(Caption-style text data)
--- START ---
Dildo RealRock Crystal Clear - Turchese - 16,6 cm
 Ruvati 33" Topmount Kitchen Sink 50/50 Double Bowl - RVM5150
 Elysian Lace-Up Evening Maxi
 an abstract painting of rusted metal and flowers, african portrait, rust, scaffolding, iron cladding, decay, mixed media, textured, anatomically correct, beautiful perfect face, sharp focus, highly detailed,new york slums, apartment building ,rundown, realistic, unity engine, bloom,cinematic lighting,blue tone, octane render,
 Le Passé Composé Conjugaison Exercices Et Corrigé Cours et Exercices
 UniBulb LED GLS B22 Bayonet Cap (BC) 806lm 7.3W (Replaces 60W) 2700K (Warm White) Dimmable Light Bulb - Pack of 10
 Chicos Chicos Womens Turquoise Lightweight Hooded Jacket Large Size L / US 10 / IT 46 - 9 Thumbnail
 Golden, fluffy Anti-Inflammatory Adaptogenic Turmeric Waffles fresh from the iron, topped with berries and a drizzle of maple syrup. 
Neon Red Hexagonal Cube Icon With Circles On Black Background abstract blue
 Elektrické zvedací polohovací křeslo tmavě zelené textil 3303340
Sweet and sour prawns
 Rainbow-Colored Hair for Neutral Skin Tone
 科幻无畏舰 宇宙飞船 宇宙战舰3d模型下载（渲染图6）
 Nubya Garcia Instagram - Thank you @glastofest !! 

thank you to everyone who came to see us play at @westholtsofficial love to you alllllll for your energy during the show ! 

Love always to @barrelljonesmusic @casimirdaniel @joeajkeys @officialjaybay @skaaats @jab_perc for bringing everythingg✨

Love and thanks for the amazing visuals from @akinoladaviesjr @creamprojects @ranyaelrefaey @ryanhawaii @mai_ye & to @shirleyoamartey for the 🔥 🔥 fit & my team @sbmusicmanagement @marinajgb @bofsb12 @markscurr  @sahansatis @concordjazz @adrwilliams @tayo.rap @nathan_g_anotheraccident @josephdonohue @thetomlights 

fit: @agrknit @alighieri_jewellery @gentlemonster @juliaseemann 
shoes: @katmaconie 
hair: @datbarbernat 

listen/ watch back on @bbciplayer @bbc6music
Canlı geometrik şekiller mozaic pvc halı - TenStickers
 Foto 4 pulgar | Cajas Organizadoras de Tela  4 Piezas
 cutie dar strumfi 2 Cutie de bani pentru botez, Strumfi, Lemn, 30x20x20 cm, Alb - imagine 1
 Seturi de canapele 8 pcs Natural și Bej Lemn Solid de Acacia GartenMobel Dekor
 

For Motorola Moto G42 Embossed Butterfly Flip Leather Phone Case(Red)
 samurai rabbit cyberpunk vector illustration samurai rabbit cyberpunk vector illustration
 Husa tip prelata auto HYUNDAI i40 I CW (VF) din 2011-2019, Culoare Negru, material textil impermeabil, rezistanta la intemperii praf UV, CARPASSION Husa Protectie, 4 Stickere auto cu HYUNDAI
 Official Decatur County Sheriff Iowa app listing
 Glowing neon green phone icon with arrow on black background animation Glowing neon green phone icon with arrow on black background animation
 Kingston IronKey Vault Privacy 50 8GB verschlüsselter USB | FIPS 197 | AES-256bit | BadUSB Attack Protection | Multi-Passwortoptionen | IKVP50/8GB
--- END ---
What the exercise asks | Please transcribe all of the entries precisely.

Written response |
Dildo RealRock Crystal Clear - Turchese - 16,6 cm
 Ruvati 33" Topmount Kitchen Sink 50/50 Double Bowl - RVM5150
 Elysian Lace-Up Evening Maxi
 an abstract painting of rusted metal and flowers, african portrait, rust, scaffolding, iron cladding, decay, mixed media, textured, anatomically correct, beautiful perfect face, sharp focus, highly detailed,new york slums, apartment building ,rundown, realistic, unity engine, bloom,cinematic lighting,blue tone, octane render,
 Le Passé Composé Conjugaison Exercices Et Corrigé Cours et Exercices
 UniBulb LED GLS B22 Bayonet Cap (BC) 806lm 7.3W (Replaces 60W) 2700K (Warm White) Dimmable Light Bulb - Pack of 10
 Chicos Chicos Womens Turquoise Lightweight Hooded Jacket Large Size L / US 10 / IT 46 - 9 Thumbnail
 Golden, fluffy Anti-Inflammatory Adaptogenic Turmeric Waffles fresh from the iron, topped with berries and a drizzle of maple syrup. 
Neon Red Hexagonal Cube Icon With Circles On Black Background abstract blue
 Elektrické zvedací polohovací křeslo tmavě zelené textil 3303340
Sweet and sour prawns
 Rainbow-Colored Hair for Neutral Skin Tone
 科幻无畏舰 宇宙飞船 宇宙战舰3d模型下载（渲染图6）
 Nubya Garcia Instagram - Thank you @glastofest !! 

thank you to everyone who came to see us play at @westholtsofficial love to you alllllll for your energy during the show ! 

Love always to @barrelljonesmusic @casimirdaniel @joeajkeys @officialjaybay @skaaats @jab_perc for bringing everythingg✨

Love and thanks for the amazing visuals from @akinoladaviesjr @creamprojects @ranyaelrefaey @ryanhawaii @mai_ye & to @shirleyoamartey for the 🔥 🔥 fit & my team @sbmusicmanagement @marinajgb @bofsb12 @markscurr  @sahansatis @concordjazz @adrwilliams @tayo.rap @nathan_g_anotheraccident @josephdonohue @thetomlights 

fit: @agrknit @alighieri_jewellery @gentlemonster @juliaseemann 
shoes: @katmaconie 
hair: @datbarbernat 

listen/ watch back on @bbciplayer @bbc6music
Canlı geometrik şekiller mozaic pvc halı - TenStickers
 Foto 4 pulgar | Cajas Organizadoras de Tela  4 Piezas
 cutie dar strumfi 2 Cutie de bani pentru botez, Strumfi, Lemn, 30x20x20 cm, Alb - imagine 1
 Seturi de canapele 8 pcs Natural și Bej Lemn Solid de Acacia GartenMobel Dekor
 

For Motorola Moto G42 Embossed Butterfly Flip Leather Phone Case(Red)
 samurai rabbit cyberpunk vector illustration samurai rabbit cyberpunk vector illustration
 Husa tip prelata auto HYUNDAI i40 I CW (VF) din 2011-2019, Culoare Negru, material textil impermeabil, rezistanta la intemperii praf UV, CARPASSION Husa Protectie, 4 Stickere auto cu HYUNDAI
 Official Decatur County Sheriff Iowa app listing
 Glowing neon green phone icon with arrow on black background animation Glowing neon green phone icon with arrow on black background animation
 Kingston IronKey Vault Privacy 50 8GB verschlüsselter USB | FIPS 197 | AES-256bit | BadUSB Attack Protection | Multi-Passwortoptionen | IKVP50/8GB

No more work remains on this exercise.